• Task directions: The line containing "Sacai Long Sleeve Button-Up Top" and every line after it, through the end of the records below: repeat them exactly, nothing more.

Supplied information section start

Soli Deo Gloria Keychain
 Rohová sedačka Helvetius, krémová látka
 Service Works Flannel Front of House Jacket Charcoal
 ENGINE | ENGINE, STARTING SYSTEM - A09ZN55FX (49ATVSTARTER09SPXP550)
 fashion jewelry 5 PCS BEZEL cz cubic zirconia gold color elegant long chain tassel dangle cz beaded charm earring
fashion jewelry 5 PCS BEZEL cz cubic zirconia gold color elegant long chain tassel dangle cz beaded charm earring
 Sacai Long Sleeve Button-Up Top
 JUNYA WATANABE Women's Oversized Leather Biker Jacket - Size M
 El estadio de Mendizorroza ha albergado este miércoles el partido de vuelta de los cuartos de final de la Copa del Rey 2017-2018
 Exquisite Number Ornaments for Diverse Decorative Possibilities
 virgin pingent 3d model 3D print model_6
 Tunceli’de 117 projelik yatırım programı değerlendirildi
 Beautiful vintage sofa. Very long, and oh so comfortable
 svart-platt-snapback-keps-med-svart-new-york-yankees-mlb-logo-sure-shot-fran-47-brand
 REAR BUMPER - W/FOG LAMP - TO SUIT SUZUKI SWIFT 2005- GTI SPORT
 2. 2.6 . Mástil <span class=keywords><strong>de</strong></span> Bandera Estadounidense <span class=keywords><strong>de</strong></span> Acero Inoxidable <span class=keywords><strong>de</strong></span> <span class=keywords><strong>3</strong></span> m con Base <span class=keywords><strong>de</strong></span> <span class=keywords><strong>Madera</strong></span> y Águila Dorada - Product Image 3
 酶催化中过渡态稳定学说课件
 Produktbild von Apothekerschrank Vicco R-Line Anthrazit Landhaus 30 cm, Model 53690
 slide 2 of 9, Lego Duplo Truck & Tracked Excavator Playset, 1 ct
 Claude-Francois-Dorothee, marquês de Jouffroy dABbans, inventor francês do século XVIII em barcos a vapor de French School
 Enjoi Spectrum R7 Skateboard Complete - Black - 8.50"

Supplied information section end

• Written answer:
 Sacai Long Sleeve Button-Up Top
 JUNYA WATANABE Women's Oversized Leather Biker Jacket - Size M
 El estadio de Mendizorroza ha albergado este miércoles el partido de vuelta de los cuartos de final de la Copa del Rey 2017-2018
 Exquisite Number Ornaments for Diverse Decorative Possibilities
 virgin pingent 3d model 3D print model_6
 Tunceli’de 117 projelik yatırım programı değerlendirildi
 Beautiful vintage sofa. Very long, and oh so comfortable
 svart-platt-snapback-keps-med-svart-new-york-yankees-mlb-logo-sure-shot-fran-47-brand
 REAR BUMPER - W/FOG LAMP - TO SUIT SUZUKI SWIFT 2005- GTI SPORT
 2. 2.6 . Mástil <span class=keywords><strong>de</strong></span> Bandera Estadounidense <span class=keywords><strong>de</strong></span> Acero Inoxidable <span class=keywords><strong>de</strong></span> <span class=keywords><strong>3</strong></span> m con Base <span class=keywords><strong>de</strong></span> <span class=keywords><strong>Madera</strong></span> y Águila Dorada - Product Image 3
 酶催化中过渡态稳定学说课件
 Produktbild von Apothekerschrank Vicco R-Line Anthrazit Landhaus 30 cm, Model 53690
 slide 2 of 9, Lego Duplo Truck & Tracked Excavator Playset, 1 ct
 Claude-Francois-Dorothee, marquês de Jouffroy dABbans, inventor francês do século XVIII em barcos a vapor de French School
 Enjoi Spectrum R7 Skateboard Complete - Black - 8.50"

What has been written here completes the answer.